* _Records for the task_
□ □ □

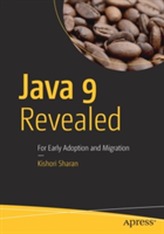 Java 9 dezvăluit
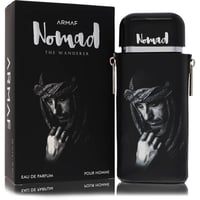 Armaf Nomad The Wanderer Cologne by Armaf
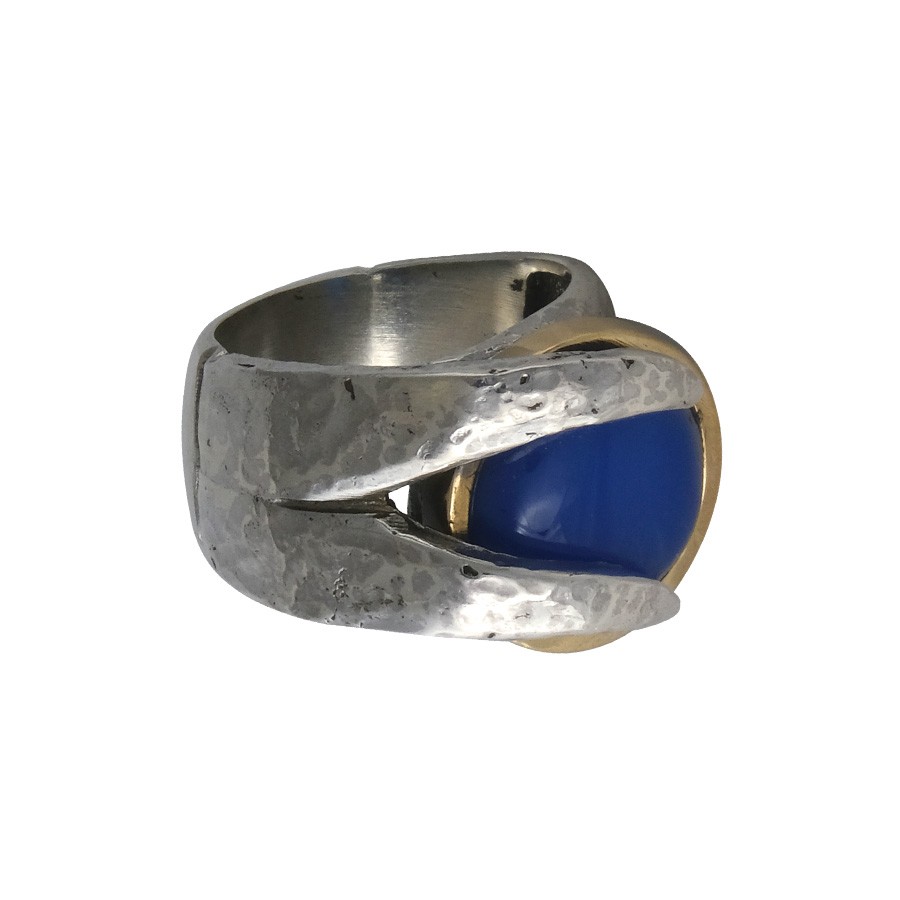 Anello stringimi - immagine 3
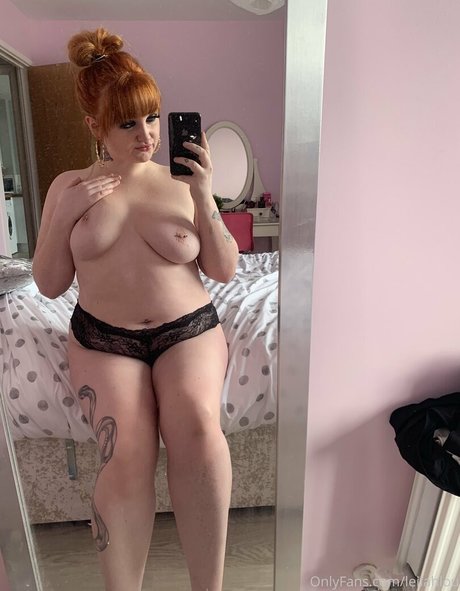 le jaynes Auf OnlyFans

□ □ □

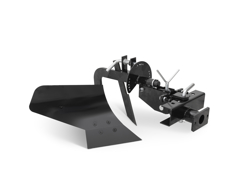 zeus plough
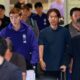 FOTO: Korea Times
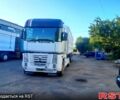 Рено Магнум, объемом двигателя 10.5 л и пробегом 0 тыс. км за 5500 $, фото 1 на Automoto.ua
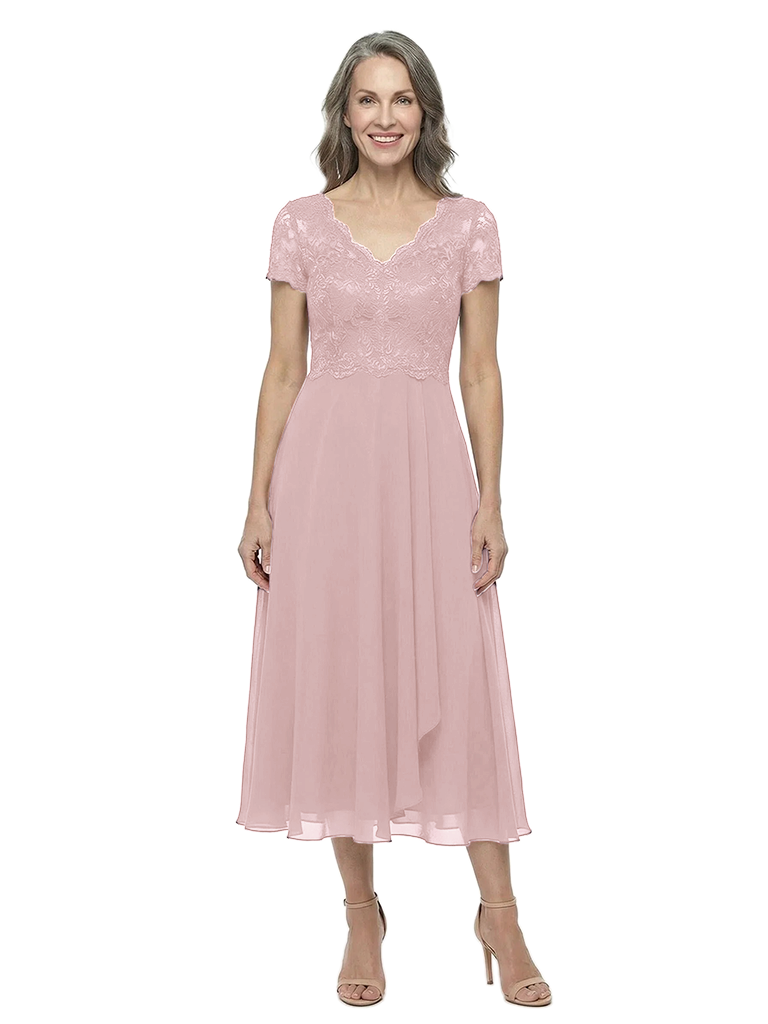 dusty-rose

□ □ □

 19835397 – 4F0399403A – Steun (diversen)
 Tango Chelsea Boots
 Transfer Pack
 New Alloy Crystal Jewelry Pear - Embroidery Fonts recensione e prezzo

□ □ □

* _What you need to do_
Print nothing but the lines above starting with the line that contains "Java 9 dezvăluit" and going on through the line that contains "le jaynes Auf OnlyFans". Leave out the pictures.

* _Answer for this exercise_
 Java 9 dezvăluit
 Armaf Nomad The Wanderer Cologne by Armaf
 Anello stringimi - immagine 3
 le jaynes Auf OnlyFans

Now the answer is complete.